My little homegrown tribute to SwiftKey - Coursera Data Science Capstone project
Dmitry Danilov
24 Apr 2016
Introduction
- The 'My little homegrown tribute to SwitfKey' application is implemented with Shiny - a web application framework for R.
- The main purpose of the application is to demonstrate the ability to predict the next word by previously entered words.
- The application mimics certain features of the SwiftKey for Android application.
Main features
- The application not only predicts the next word by entered whole words but also predicts the word being typed by its first letters.
- 3 most probable predicted words are displayed as the labels of the 3 buttons located right above the input text field.
- The order of appearing of the predicted words depends on their probability and is as follows: |w_p2|w_p1|w_p3| (the word with the highest probability is on the middle button, 2nd highest probability is on the left button and 3rd highest probability is on the right button)

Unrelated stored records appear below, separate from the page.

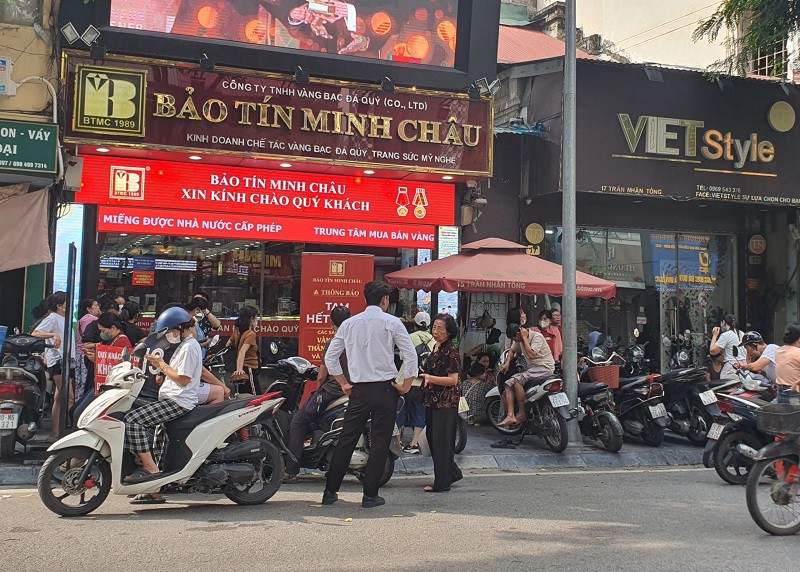 Giá vàng ngày 13/10: Tiếp tục tăng mạnh, loạt tiệm vàng có động thái mới, nhiều người “ăn vạ” không muốn về - 4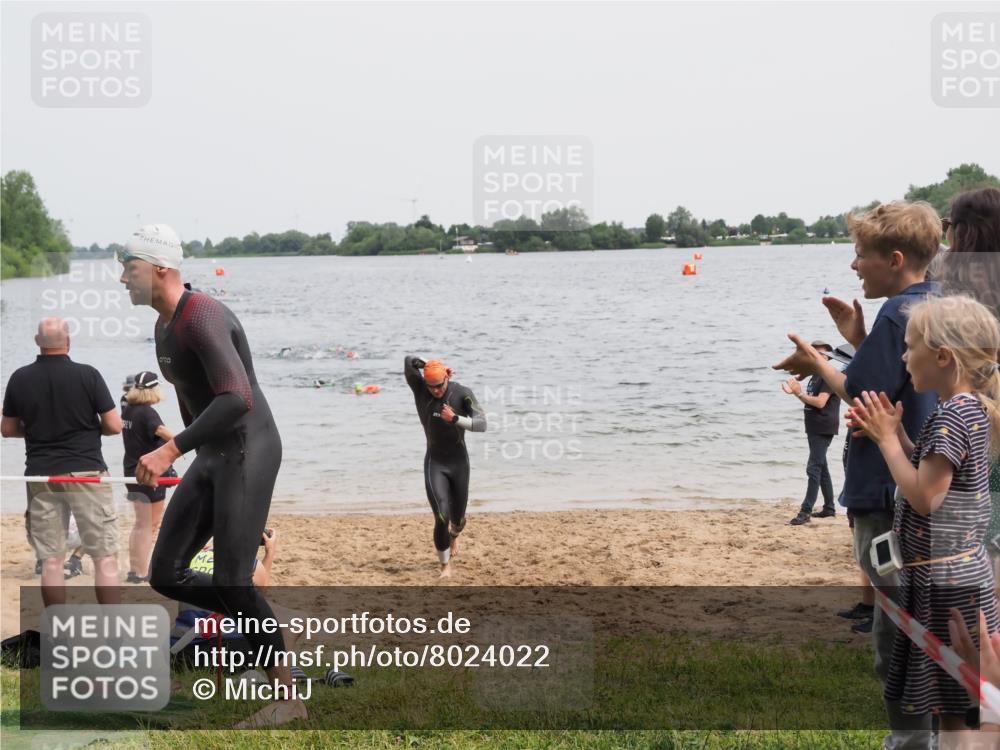 21.06.2025 - 27. Vierlanden-Triathlon MichiJ http://msf.ph/oto/8024022 15.06.2026 10:55:02 Schwimmen 677, 735, 744, 761 meine-sportfotos.de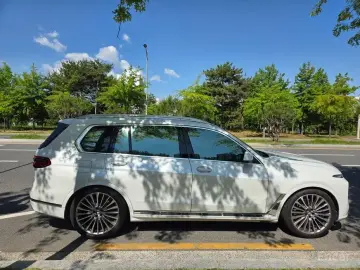 2025 BMW X7 с пробегом 5 700 км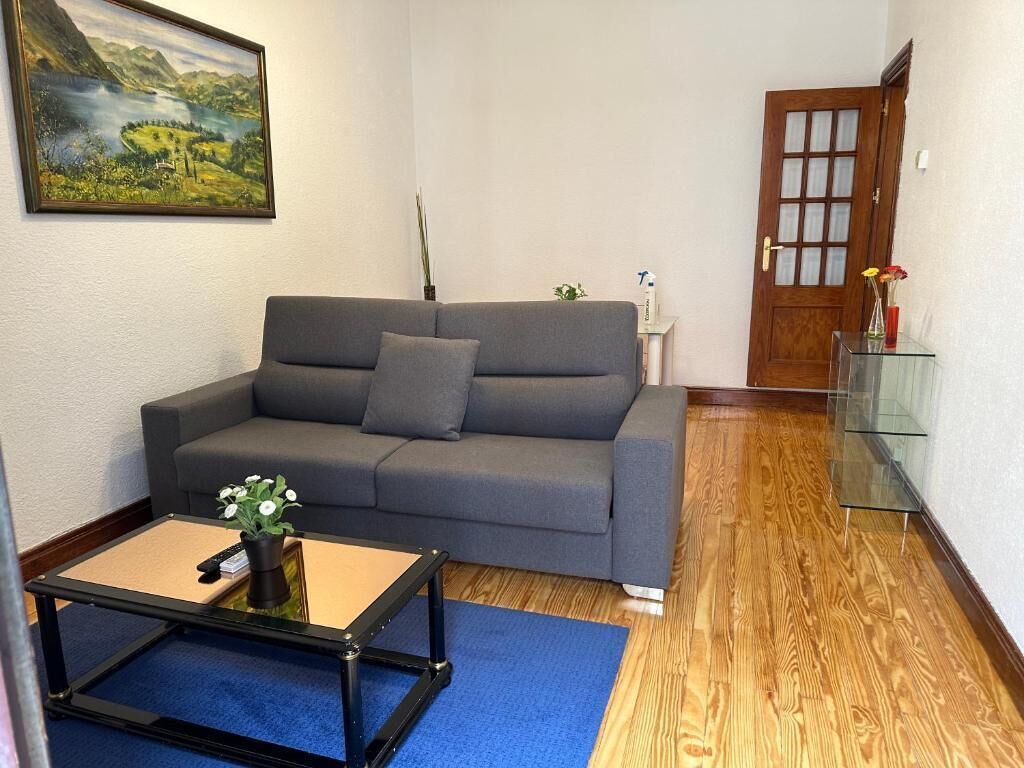 Een 55-inch smart-tv met satellietzenders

- As user types text in the input field, predicted words will appear on the 3 buttons, user has the option to press the button with the correct prediction to enter the predicted word in the input field quickly or continue typing.
- Predicted words are updated instantly as user types letters in the input field.
Important facts
- Prediction is based on the Kneser-Ney smoothing algorithm
- The main idea of the Kneser-Ney alrogithm - when predicting the probability of a word given a context, not only the current context is taken into account, but also the number of contexts that the word appears in.
- The model was built from a corpus containing 3 text documents in English: en_US.blogs.txt, en_US.news.txt and en_US.twitter.txt
- The total size of the model is about 58 Mb.
- The application uses 4-gram prediction model.
- The model consists of a vocabulary with an index mapped to each word and a set of data tables with higher order n-grams that only contain indexes of the words in the vocabulary. This has allowed to keep the size of the model and lookup operations duration to the minimum.
- The model performance is estimated at around 24%, estimation was performed using a held out test set extracted from the same source files.